Security risk of POP3 & IMAP protocols

Adam Tauno Williams awilliam at whitemice.org
Fri Feb 13 09:13:40 EST 2009


On Fri, 2009-02-13 at 13:17 +0000, Duncan Gibb wrote:
> Jason Voorhees wrote:
> JV> a sales person told my friend that IMAP protocol is
> JV> less secure than POP3 protocol.
> Other people have covered the IMAP vs POP3 issues - Ian Batten most
> comprehensively - but one comment I would add is that if you make either
> service available to the open internet, even under SSL encryption,
> password-based authentication is still susceptible to dictionary attack.
>  So IMAP and/or POP3 (and/or SMTP AUTH) should be included in the list
> of things you rate limit, monitor for bad password attempts, and lock
> remote hosts out of if it they do things that look suspicious.

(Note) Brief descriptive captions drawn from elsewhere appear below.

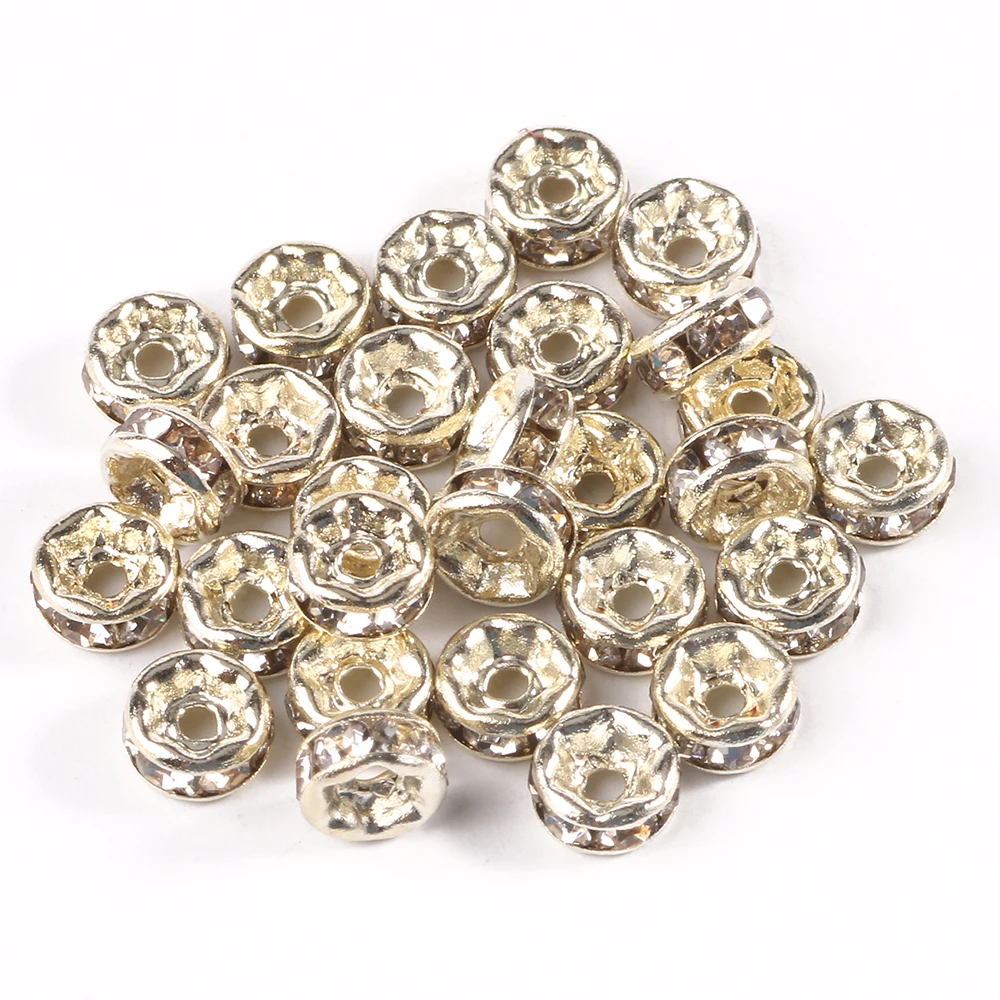 

Wholesale 4/6/8/10MM 9K Gold Color Rondelle Spacer Beads Round Metal Rhinestone Beads for DIY jewelry Making, As picture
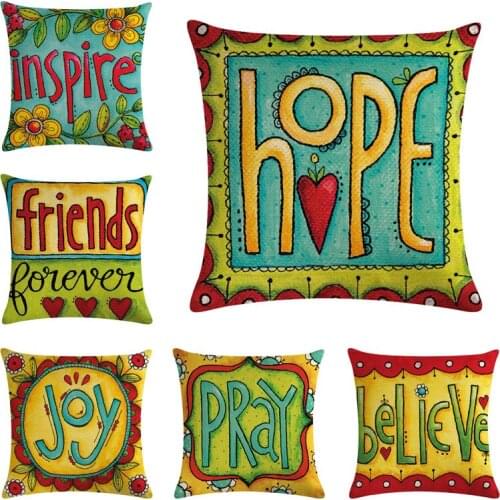 45x45cm English letter Cushion Cover Nice Things Colorful Pillowcase Love Joy Friend Hope Home Decor Throw Pillow Cover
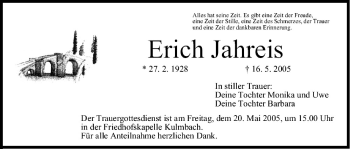 Anzeige von Erich Jahreis von MGO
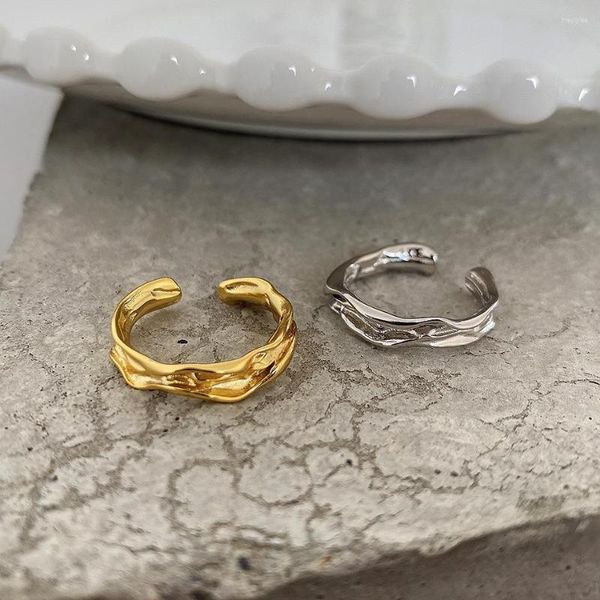 Anillos de racimo 18K oro auténtico 925 joyería de plata esterlina cóncavo-convexo textura Irregular anillo ajuste regalo C-J1468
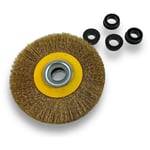 Brosse circulaire LAITON Ø 125 mm Epaisseur 3 rangs Fil souple 0.20 mm ondulé Alésage 16 mm Touret meuleuse affûteuse ponceuse Brossage décapage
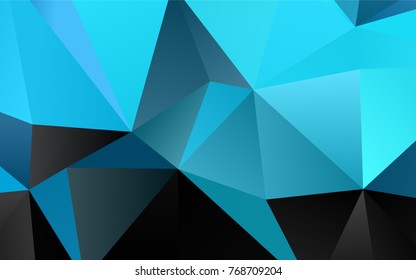 Light BLUE vector polygonal background. A sample with polygonal shapes. The best triangular design for your business.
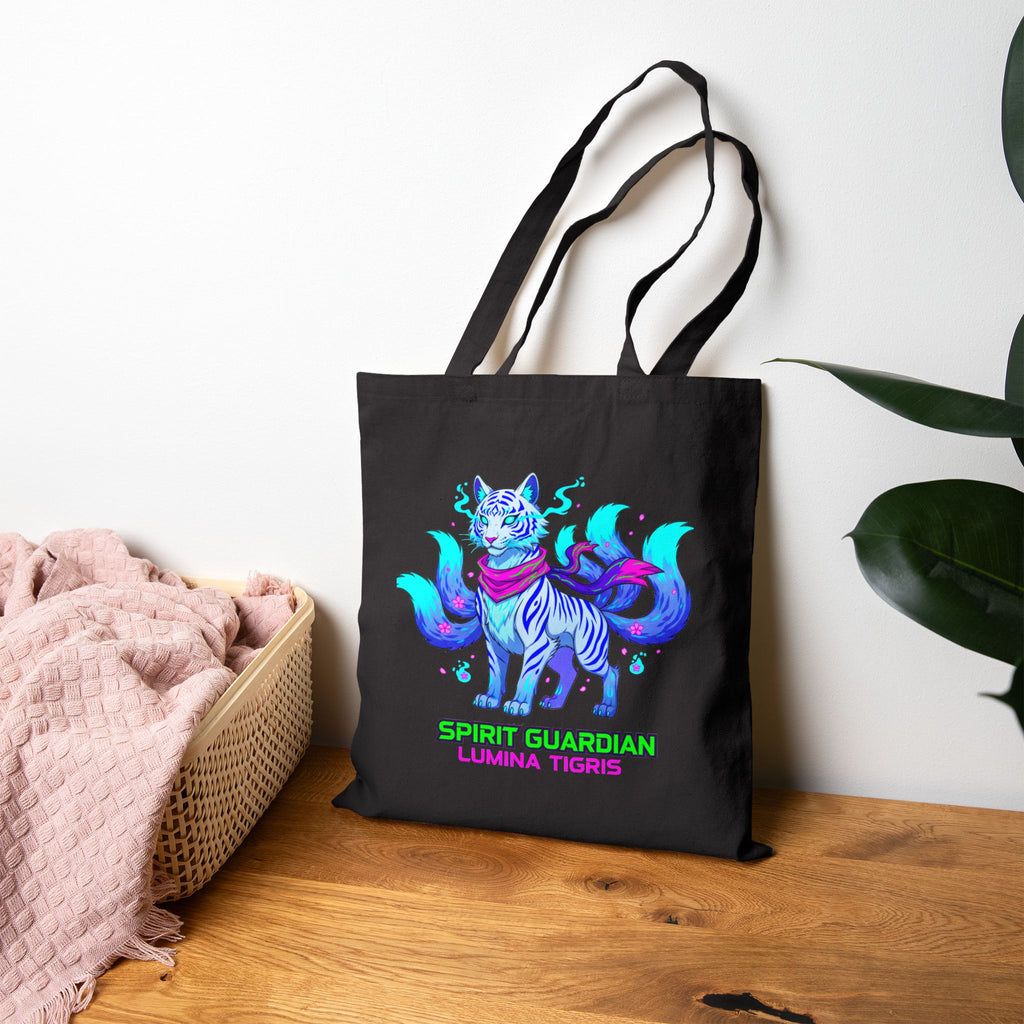 Spirit Guardian Tiger Tote Bag Neon Fantasy Anime Animal Carryall
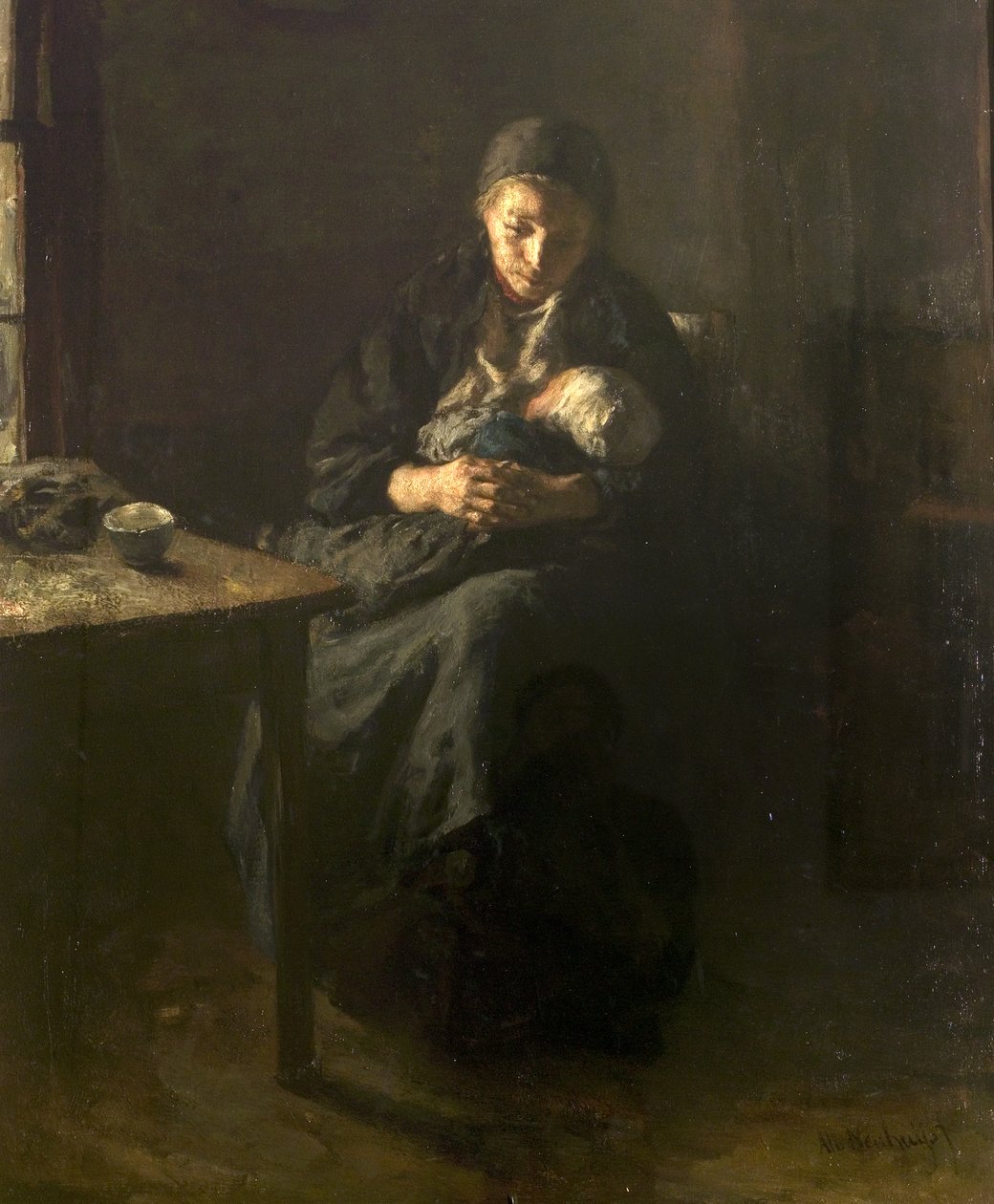 Amor Materno (tristeza), c.1857 de Albert Neuhuys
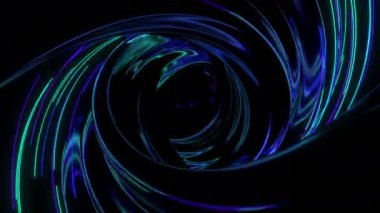 Neon spiral dijital görsel animasyon. Başlıklarda, sunumlarda veya VJ kullanımında kullanmak için ideal döngüsüz renksiz geometrik patlayıcı etkisi görüntüsü. 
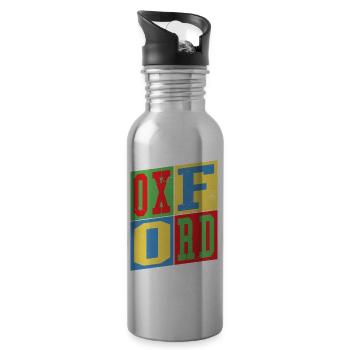 Oxford England UK City Colorful Skyline Home - Water bottle with straw - silver - Right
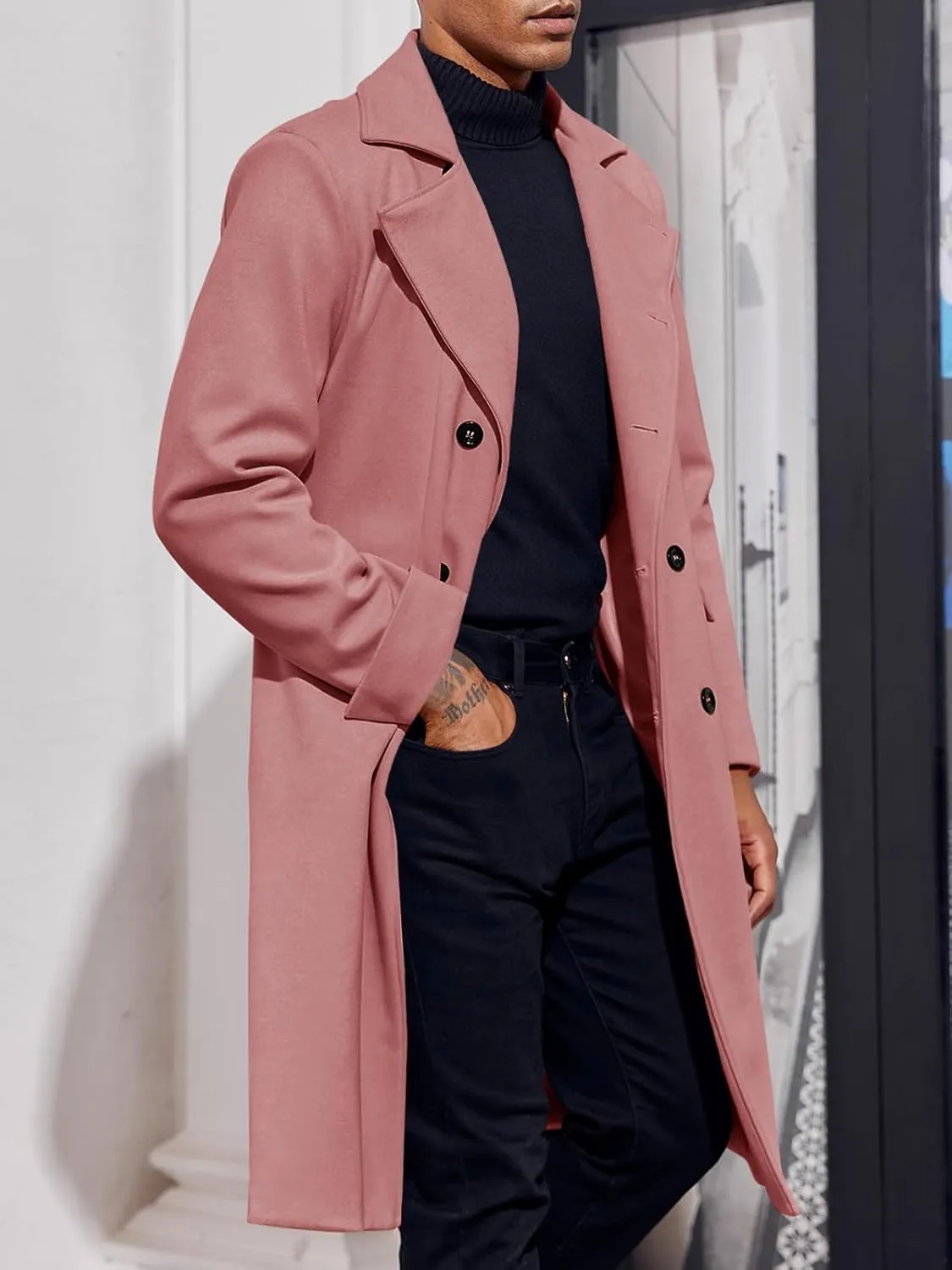 Men's Notch Lapel Double Breasted Long Trench Coat Casual Cotton Blend Peacoat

True;  but really none of those good practices is specific to any
protocol.   The exact same charge could be leveled against HTTP, FTP,
SSH, etc...  and if you use certificate/PKI authentication you run the
risk that someone could steal the private keys (and it isn't hard to
make a setup where that is comically easy).  It is really far and away
more about end-to-end security practices than it is the OSI layer 7
protocol(s) involved.

I stand by my assertion that the IMAP vs. POP issue is 100% bogosity.